■ YOUR GOAL ■
Reproduce only the lines below from the line containing "https://qudsonline.ir/xbm9V" to the line containing "20047 Castlemaine AVE, ESTERO FL 33928-37", exactly as written, with both end lines kept. Omit the pictures.

■ EXCERPTED DATA ■
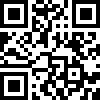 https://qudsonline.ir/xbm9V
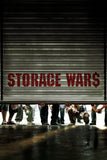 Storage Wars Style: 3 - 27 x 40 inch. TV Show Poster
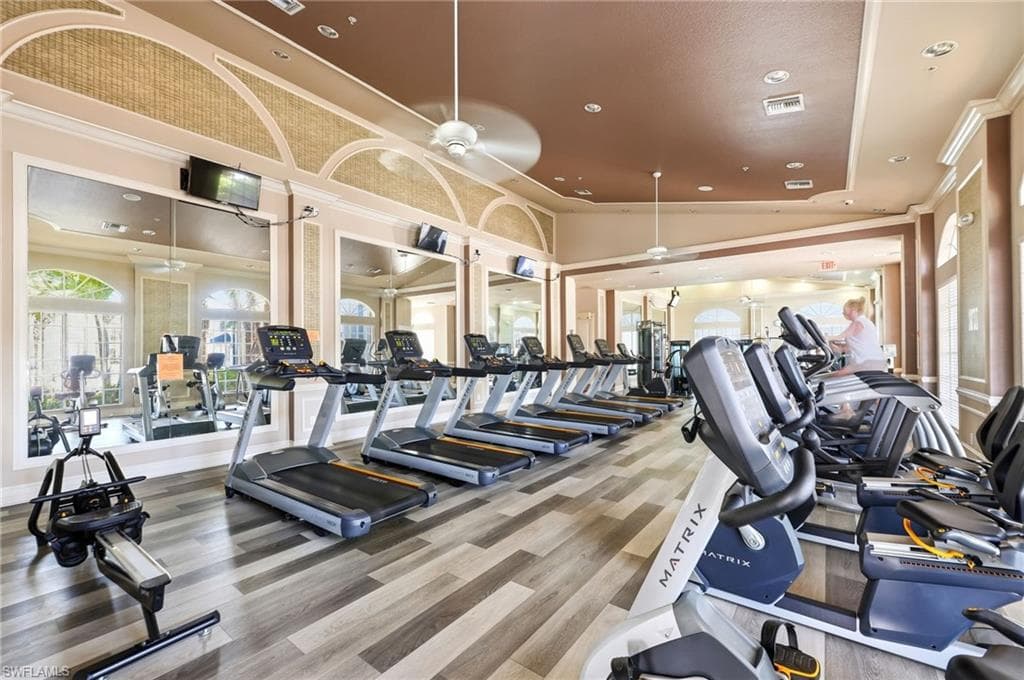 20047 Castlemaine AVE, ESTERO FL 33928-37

* * *

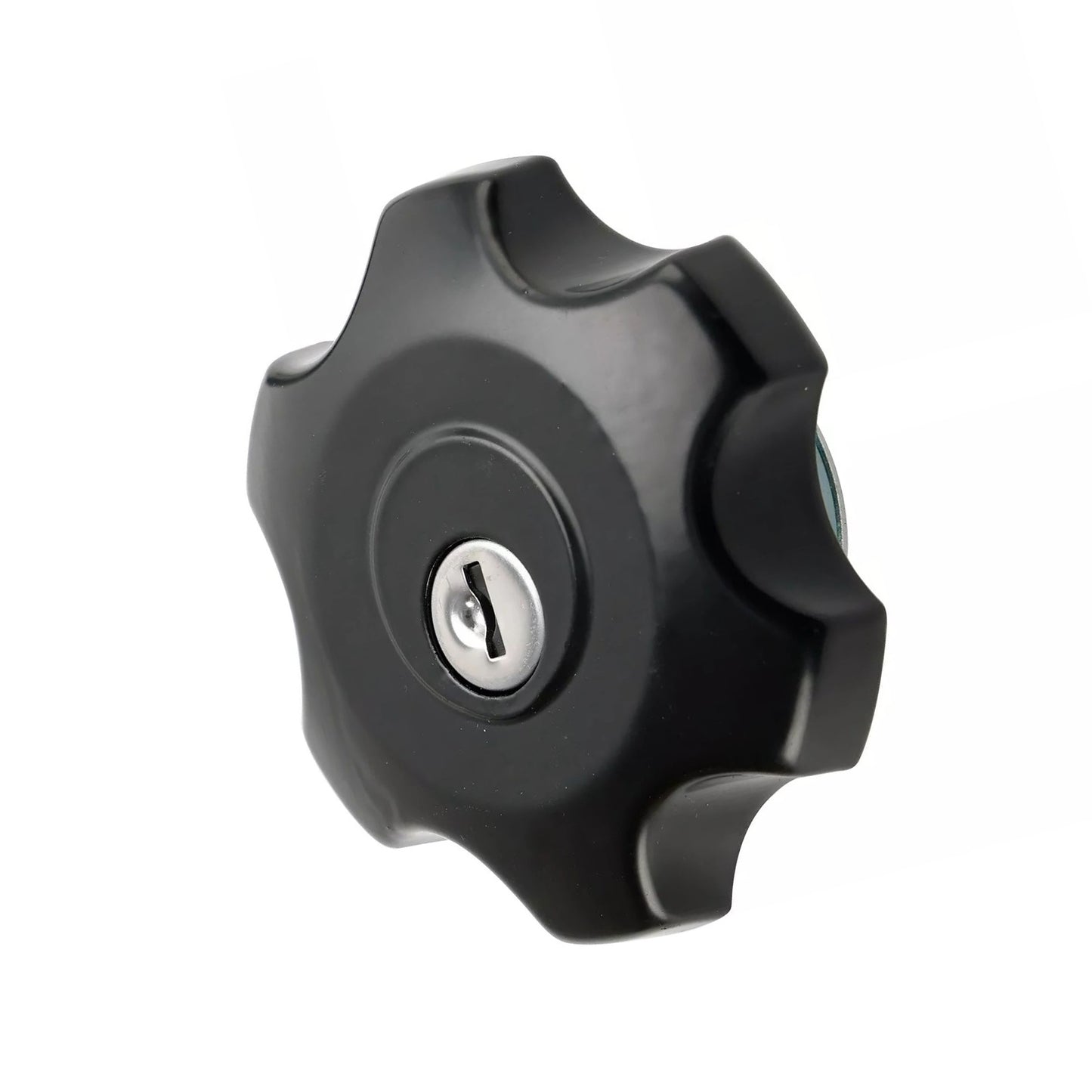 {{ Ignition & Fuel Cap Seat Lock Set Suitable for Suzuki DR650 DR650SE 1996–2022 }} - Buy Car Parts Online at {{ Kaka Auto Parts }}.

■ RESPONSE ■
 https://qudsonline.ir/xbm9V
 Storage Wars Style: 3 - 27 x 40 inch. TV Show Poster
 20047 Castlemaine AVE, ESTERO FL 33928-37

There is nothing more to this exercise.